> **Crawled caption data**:

◇ ◇ ◇ ◇ ◇ ◇ ◇

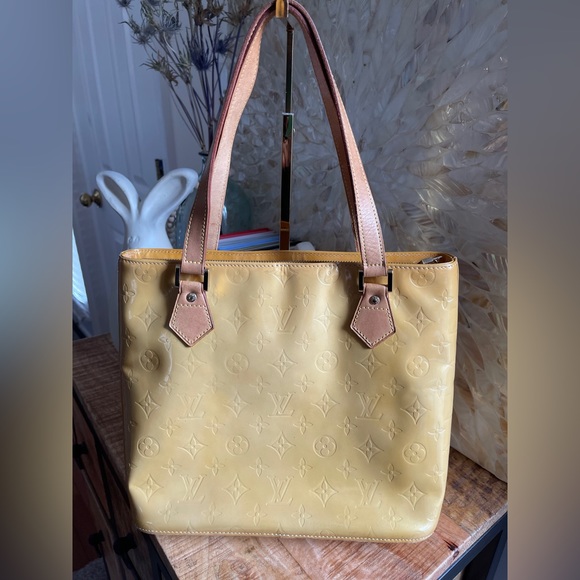 LV Louis Vuitton Vernis Leather Houston Shoulder Bag Zipper Tote - Picture 2 of 15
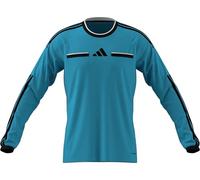 adidas Men's Referee 26 Jersey Long Sleeve, Bright Cyan/Black, S
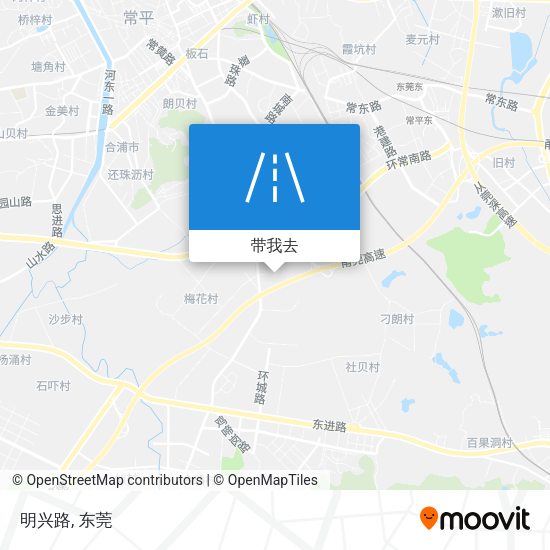 明兴路地图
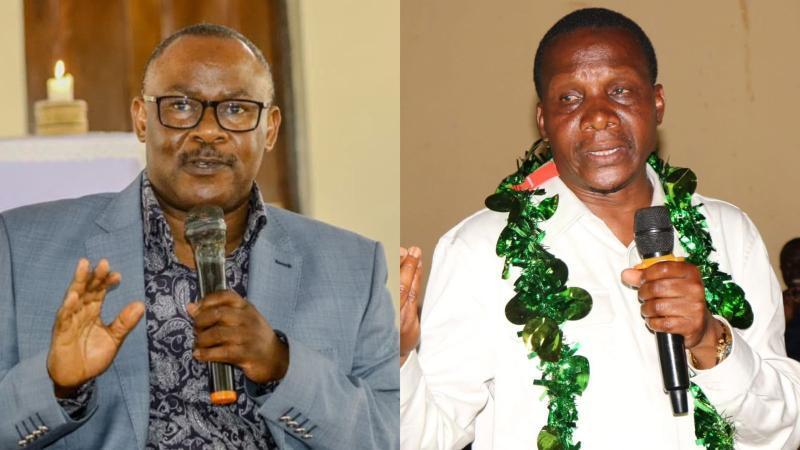 File image of Westlands MP Tim Wanyonyi and FORD Kenya Secretary General John Chikati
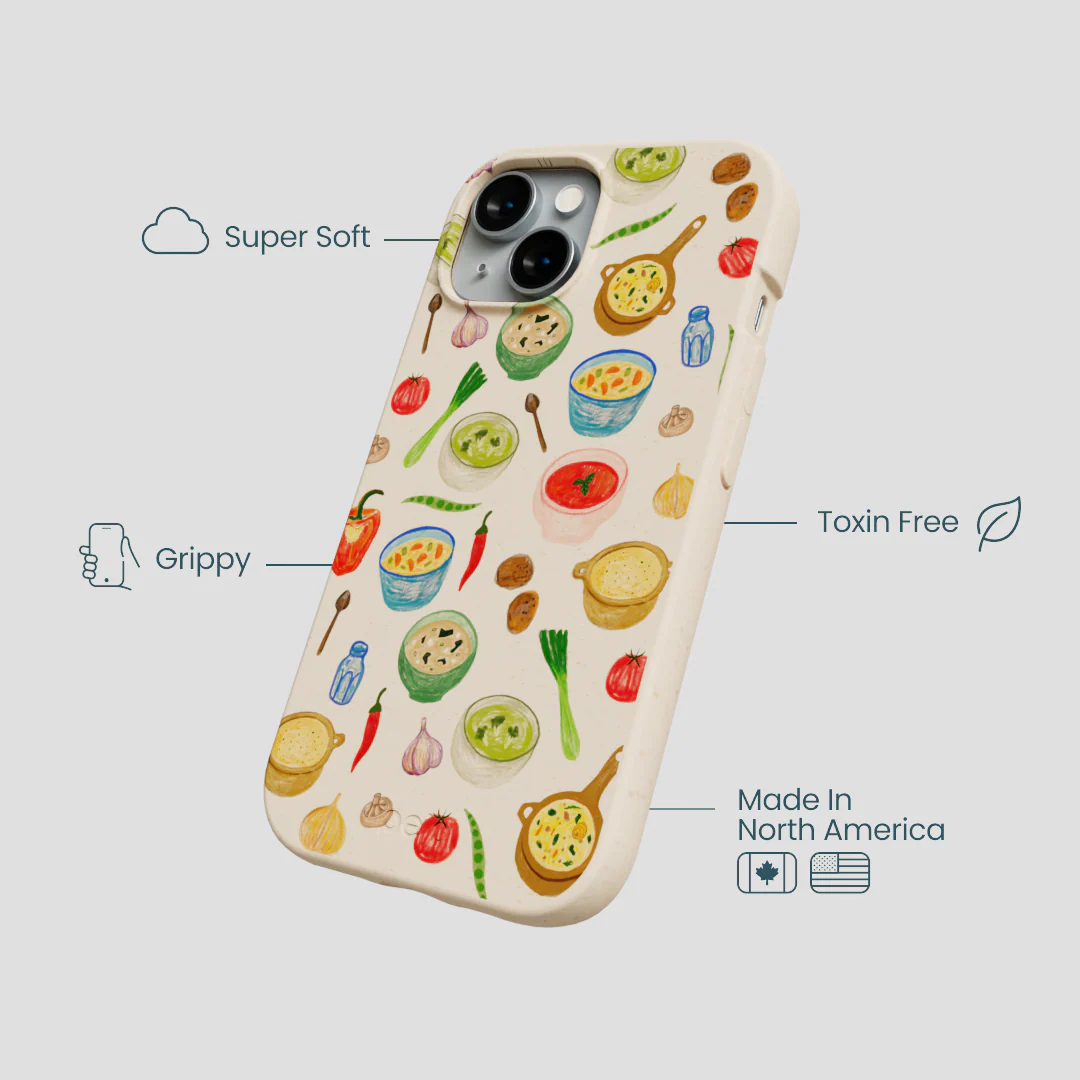 Seashell Cozy Bowls iPhone 15 Case - Image 4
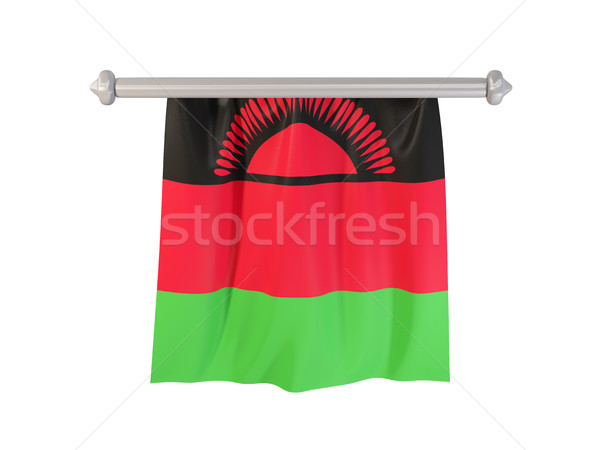 Zászló Malawi izolált fehér 3d illusztráció címke Stock fotó © MikhailMishchenko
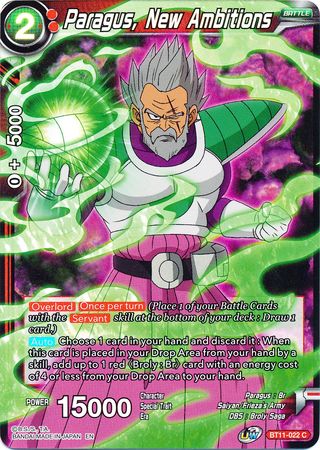 Paragus, New Ambitions (BT11-022) [Vermilion Bloodline 2nd Edition] | The Time Vault CA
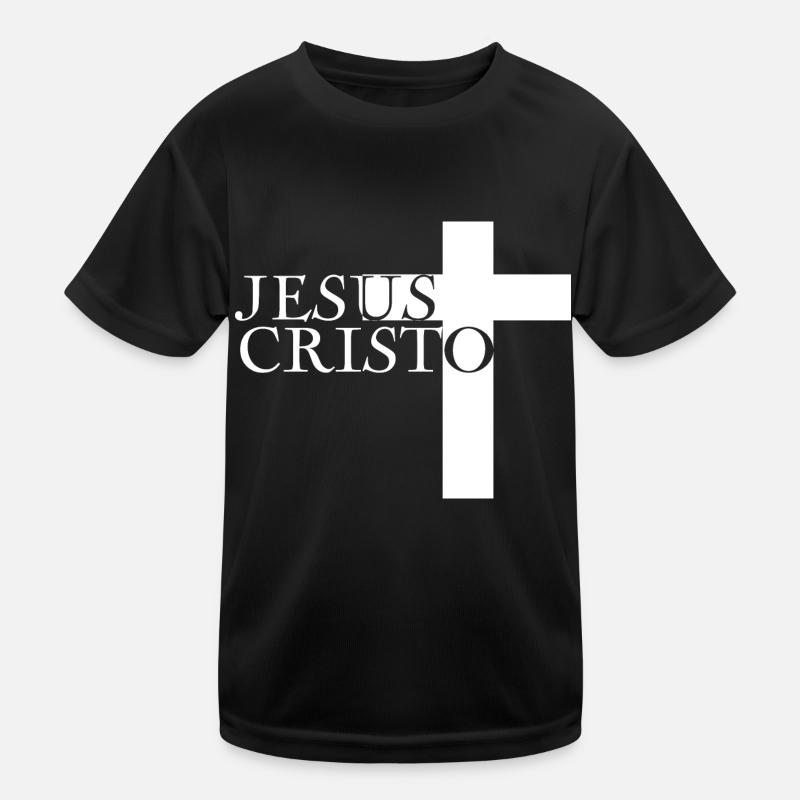 Jesus Christ God God Kids Functional T-Shirt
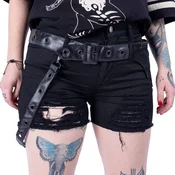 Ženske kratke hlače HEARTLESS - HECATE - BLACK - P-HECATE-B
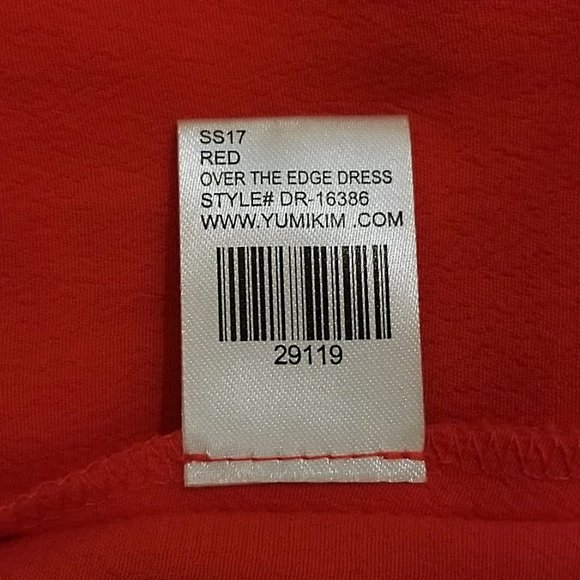 Yumi Kim Red Trapeze Swing Dress XS Womens Tie Front Cut Out Mini NEW $178 - Picture 9 of 14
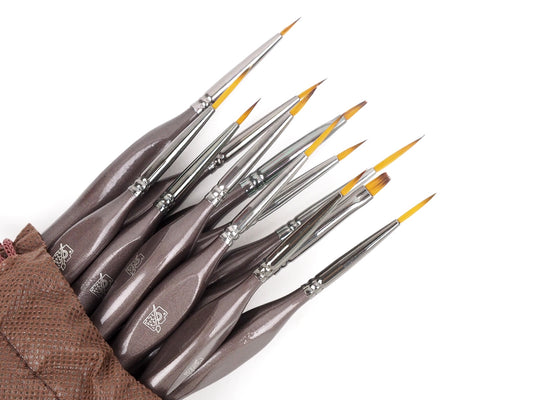 Hobby Tilbehør - Penselsæt - 12 stk. med pose til opbevaring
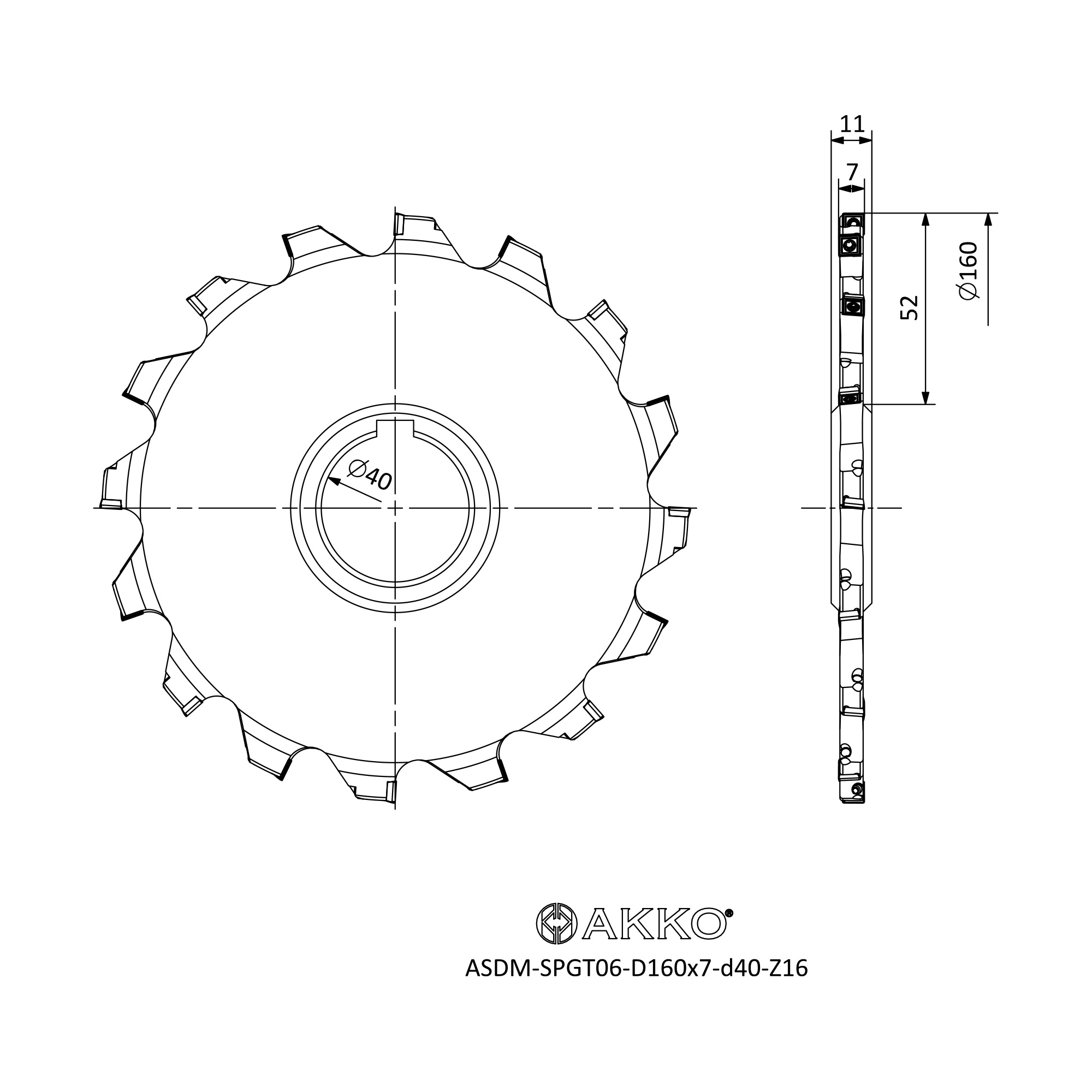 AKKO ASDM-SPGT06-D160x7-d40-Z16 — фото 3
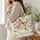 Pastel Butterfly and Wildflower Garden for Spring Birthday Gifts for Nature Loving Moms Quilted Tote Bag - 3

◇ ◇ ◇ ◇ ◇ ◇ ◇

> **What you need to do**:
What you should return is the exact text of every line from the top of the entries through the line with "Paragus, New Ambitions", pictures removed.

> **Response area**:
 LV Louis Vuitton Vernis Leather Houston Shoulder Bag Zipper Tote - Picture 2 of 15
 adidas Men's Referee 26 Jersey Long Sleeve, Bright Cyan/Black, S
 明兴路地图
 File image of Westlands MP Tim Wanyonyi and FORD Kenya Secretary General John Chikati
 Seashell Cozy Bowls iPhone 15 Case - Image 4
 Zászló Malawi izolált fehér 3d illusztráció címke Stock fotó © MikhailMishchenko
 Paragus, New Ambitions (BT11-022) [Vermilion Bloodline 2nd Edition] | The Time Vault CA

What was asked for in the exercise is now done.